Through unacceptable levels of thrift for a small boy and a curious charitable quirk, unusually this particular year I had accrued quite a pot of cash. Oddly our RE teacher at school, who did everything other than teach us RE, had challenged us to raise money for a local charity pledging us a third back out of his own pocket on anything we raised as an incentive. Usually the sums raised by my classmates would range from an unenthusiastic few pence to maybe a pound, however they didn’t have fathers who “worked” down Birmingham’s wholesale market. Whatever the other father’s did for a living, bankers, doctors, solicitors, architects none had a direct line to the well of human generosity that existed in an old fashioned market. The morning that I’d given my old man the donation form and small bag to hand around to his market mates he’d returned home with a little over £150 stuffed inside it. The fact that half of them were “three sheets to the wind” when he’d asked them had absolutely nothing to do with it.
The following Monday, a startled but unchurlish RE teacher duly coughed up the promised third, fifty quid in crisp notes.
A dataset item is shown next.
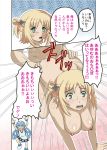  ass breasts hentai kore_wa_zombie_desu_ka? nude yoshida_yuki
I was all set for a Christmas of untold Dickensian generosity and good cheer.
It was now the Saturday before Christmas, the last weekend. Without the luxury of internet ordering in those archaic times, every poor soul would have to trudge through icy bustling streets to do all their shopping. It would, from past experience, be absolute bedlam.
That morning it was a bitter cold start. Mummified in gloves, scarf and thick coats, Mum and I both set off early to the local shopping centre. Mr Parry’s Antiques shop was on the way and rather than trudge for half an hour in the freezing cold all the way up the hill from the shopping centre to get there, I’d persuaded Mum to quickly drop me off first, just so I could pop in, say hello and wish Pat a Merry Christmas.
She parked up and I leapt out, immediately pressing my chubby little face, glowing red through cold, against the still frosty display window. Just for a moment or two, just before entering the shop and making the old Victorian bell above the door sing out, just to see what new treasures might have come in. A few minutes and a “Merry Christmas” later I was back in the passenger seat as Mum and I set off towards a frantic full day of Christmas shopping.
I had my whole family to buy presents for. Nan, Granddad, Hughie (an old Scottish lodger who had been living with my grandparents for so long he was family), Dad and my Sister. Mum had already been dealt with secretly a week earlier after school. I had crossed the road to the small suburban Chemists in a row of Victorian shops opposite my Nan’s terraced house. Small boys sadly know very little about the lofty world of women’s fragrances so I’d simply gone for their prettiest bottle. A “paint stripper” of a scent, almost guaranteed to burn flesh if ever used, but at the top of their price range being a good four pounds worth. It was secretly wrapped and left in the lower drawer of my Nan’s dresser for retrieval nearer the big day. This left me with a smidge under sixty pounds in my pocket. More than enough to buy everyone a wonderful gift and have plenty to spare. I could, like a last chapter, repentant Scrooge, be liberally generous in my last minute shopping, at least that’s what I thought.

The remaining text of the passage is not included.